GÖRSEL AÇIDAN ETKİLEYİCİ
James Wan'ın çektiği film kabul etmek gerekirse görsel açıdan etkileyici. Sebebi de çoğu sahnesinin sualtında geçmesi ve bu dünyanın atmosferinin iyi kurulmuş olması. Ki Wonder Woman'dan da biliyoruz ki, fantastik-epik hikayelerin görsel tasarımını DC Comics iyi yapıyor. Fakat iş hikaye anlatmaya gelince tıpkı Wonder Woman gibi Aquaman de çuvallıyor. Kanımca bunun sebebi süper kahramanların süperliklerine çok bağlı kalınması ve kahramanların bir karakter olarak görülmemesi. Çünkü Aquaman de Wonder Woman gibi olaylarla etkili bir şekilde mücadele ediyor etmesine ama hep bir tip olarak kalıyor... Gerçi yönetmenler, senaristler değişse de DC Comic filmlerinde değişmeyen şey bu. Ve bu durumu tolere etmek için bulunan yol da, kahramanın sürekli bir aksiyon olayının içine sokulması. Hal böyle olunca Aquaman ve diğer DC Comic filmleri bir kısır döngünün içinde debelenip duruyor.
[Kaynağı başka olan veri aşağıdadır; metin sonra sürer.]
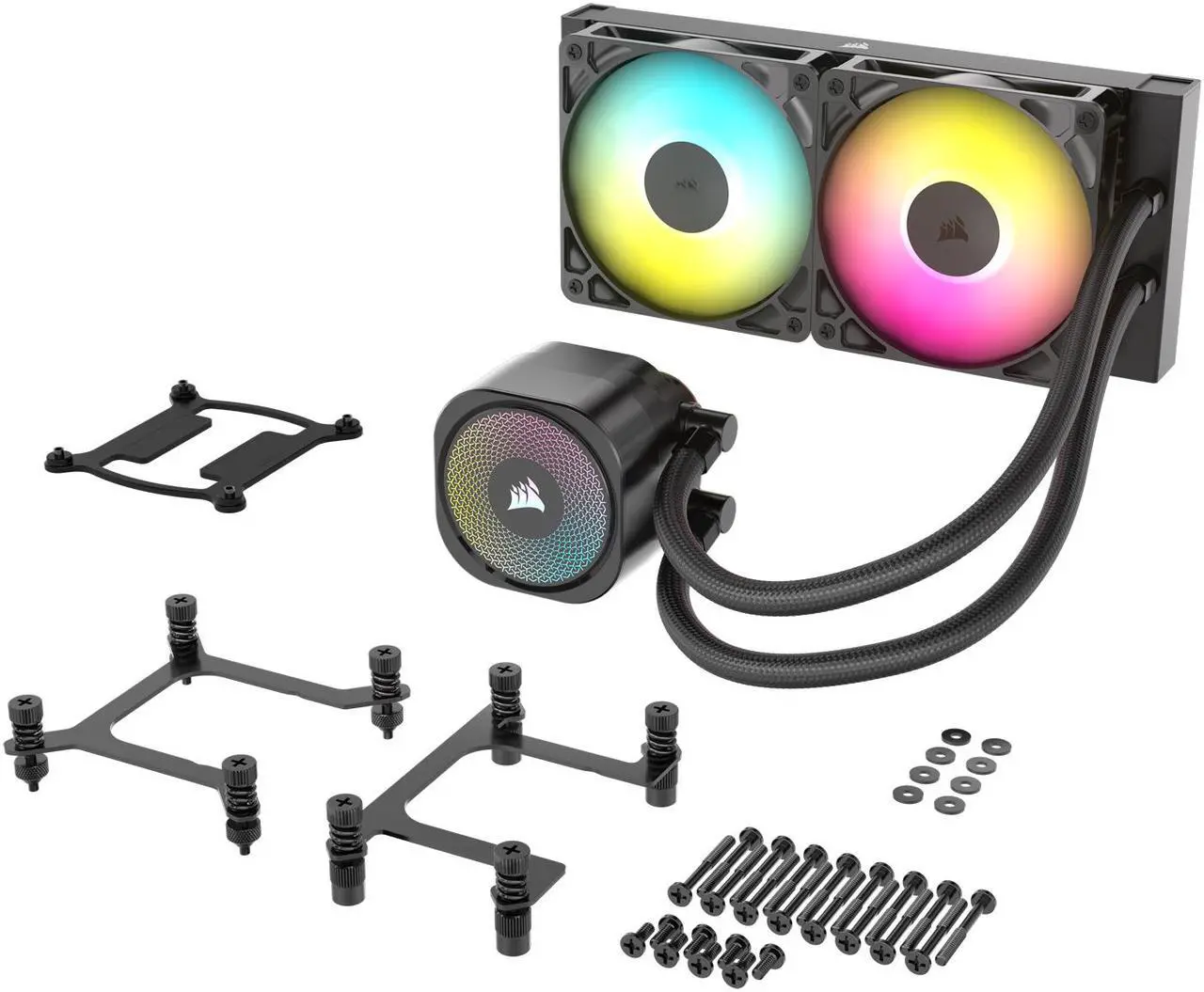 Alt view image 6 of 18 - CORSAIR NAUTILUS 240 RS ARGB Liquid CPU Cooler – RS120 ARGB Fans – Fits Intel® LGA 1851, AMD® AM5/AM4 – Simple Daisy-Chain Connections - Direct Motherboard Connection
Görsel olarak iyi ama hikayesi zayıf, seyircinin süper kahramanlarla duygusal bir iletişim kuramadığı filmler ortaya çıkıyor. Oysa Christopher Nolan'ın Batman'e yaptığı tam tersiydi. Nolan, eldeki kahramanın süperliğinden ziyade kendisine odaklanmış, onu gerçek dünyada, kah ahlaki kah vicdani sınava tabi tutmuştu. Bu sınavda karşısına çıkardığı karakterler de aynı Batman gibi bir sınavdan geçip gelen kahramanlardı. Nolan'ın süperlere getirdiği bu yorumu Marvel'in daha iyi kullanıyor oluşu galiba DC Comics'te bir reaksiyon yarattı. Çünkü sürekli her filmlerinde süper kahramanların sürekli süperliği ile ilgilenmeleri başka türlü açıklanamaz. Ama şurası da bir gerçek DC Comics ısrarcı. Önümüze hep bu anlayışla film getirecekler. Her film sonrasında yazıp çizilen handikapları yine görmek istemeyecekler. Ne yapalım, onlar çekecek biz de tekrar tekrar yazacağız.